More than 46 million turkeys are eaten every year at Thanksgiving – but it has not always been the main dish, and neither has the fourth Thursday in November always been the official Thanksgiving Day.
In 1621, the Plymouth colonists and Wampanoag Indians shared a harvest feast, which is known today as one of the first Thanksgiving celebrations in the colonies. For more than two centuries, the days of Thanksgiving were celebrated by states and colonies individually.
In 1789, George Washington issued the first Thanksgiving proclamation by the national government of the United States. He wanted Americans to express their gratitude for the happy conclusion to the country’s war of independence and the successful ratification of the US Constitution. New York became the first state to officially adopt an annual Thanksgiving holiday – this happened in 1817.
In 1827, Sarah Josepha Hale, author and noted magazine editor, launched a campaign to establish Thanksgiving as a national holiday. For 36 years, she published editorials and sent scores of letters to governors, senators, and presidents. Abraham Lincoln heeded her request in 1863 and made Thanksgiving an official national holiday every last Thursday in November.
Thanksgiving was celebrated that very day every year until 1939 when Franklin D. Roosevelt moved the holiday up a week. He wanted to spur retail sales during the Great Depression. His plan, also known as Franksgiving, was met with passionate opposition, but in 1941, the president signed a bill making Thanksgiving the fourth Thursday in November.
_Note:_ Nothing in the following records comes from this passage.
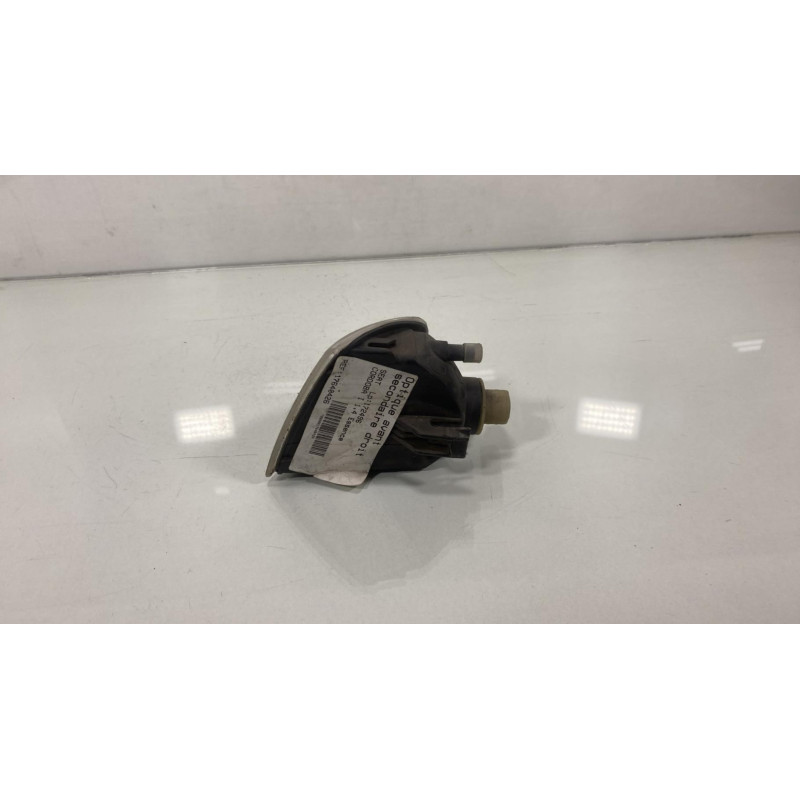 Optique avant secondaire droit (feux)(clignotant) SEAT CORDOBA 1 Photo n°2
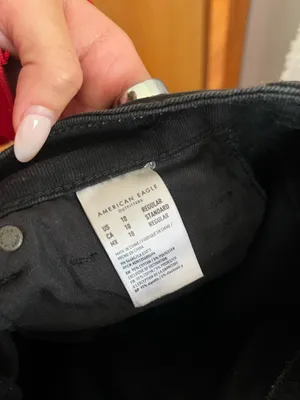American Eagle Strigid Mom Jeans Black thumbnail 3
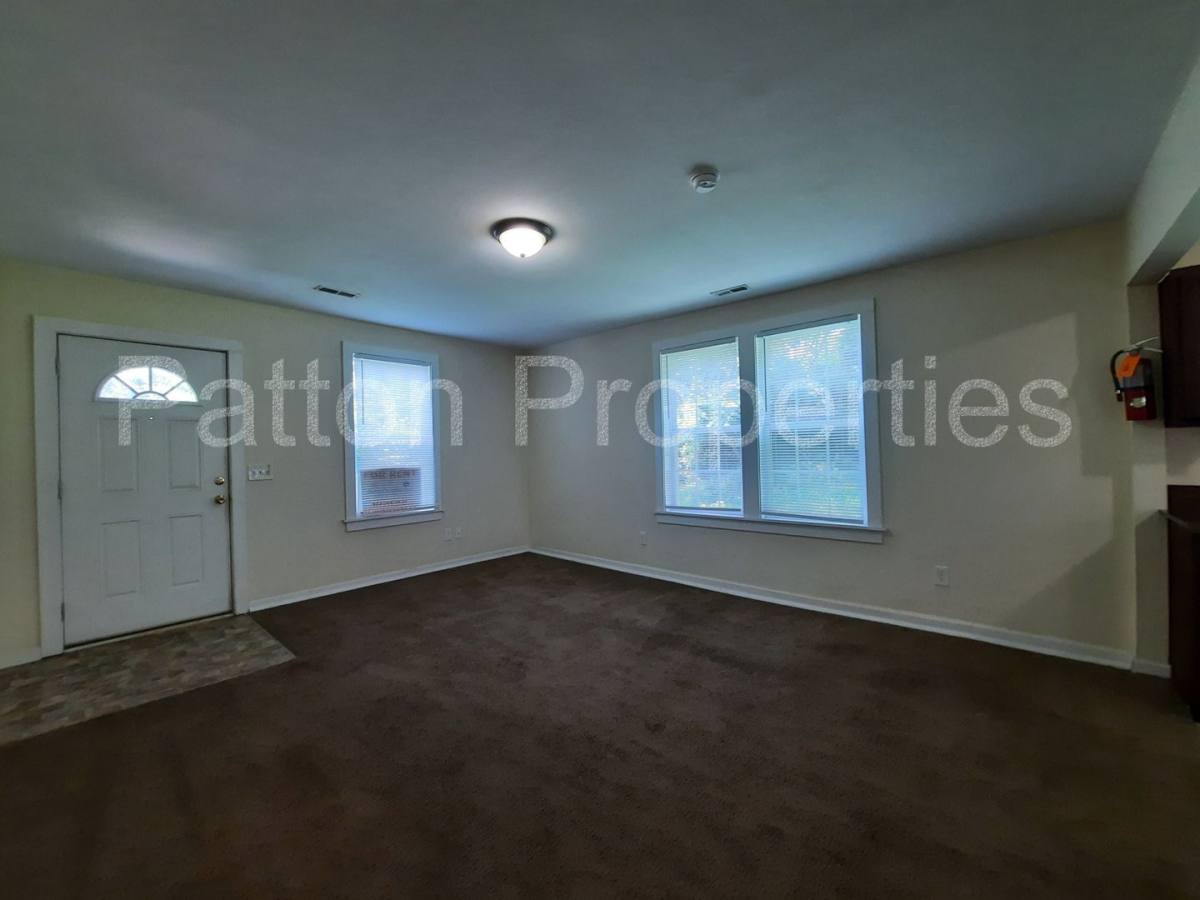 House for rent at 902 Pine St, Columbia, SC 29205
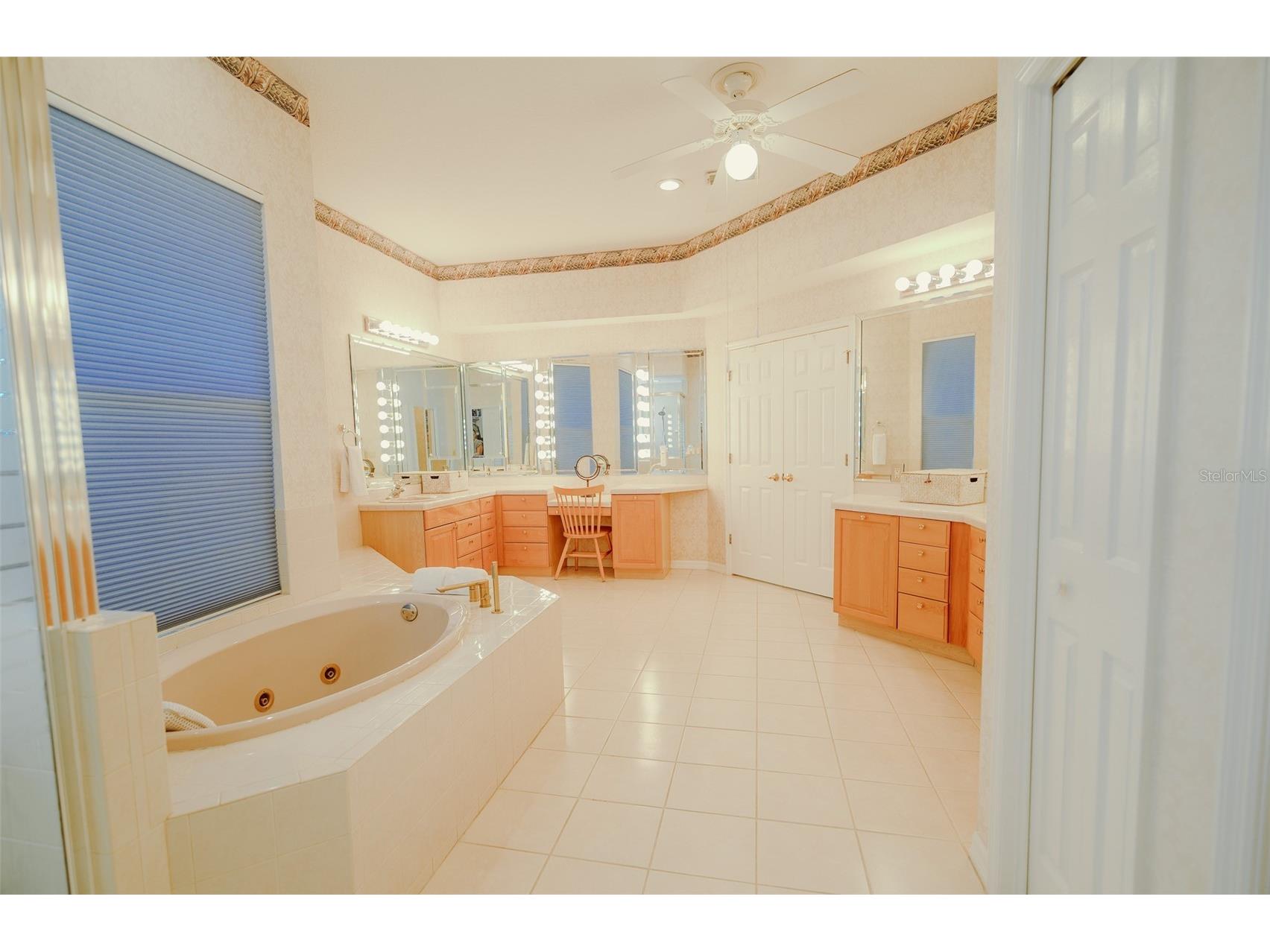2303 Clubhouse Drive Plant City FL 33566 TB8528171 image16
When the colonists sat down to dine with the Wampanoag Indians, beef and fowl were on the menu. That is known thanks to the letters and records kept by early American settlers. It remains unsure what kind of fowl that was served, but a letter written by pilgrim Edward Winslow mentions a turkey hunting trip before the meal.
Another theory says that the turkey tradition comes from the Queen of England. During the 16th century, a fleet of Spanish ships sank on their way to attack England. According to a legend, Queen Elizabeth received the news while eating dinner. The legend states that she got so excited that she ordered another goose to be served. Some early settlers were inspired by the queen’s actions and roasted a turkey instead of a goose, according to some historians.
Exactly how the turkey ended up on the dinner table still remains unknown, and these are only two of the many theories out there. No matter how and where they came from, they will still be a big part of the annual Thanksgiving dinner.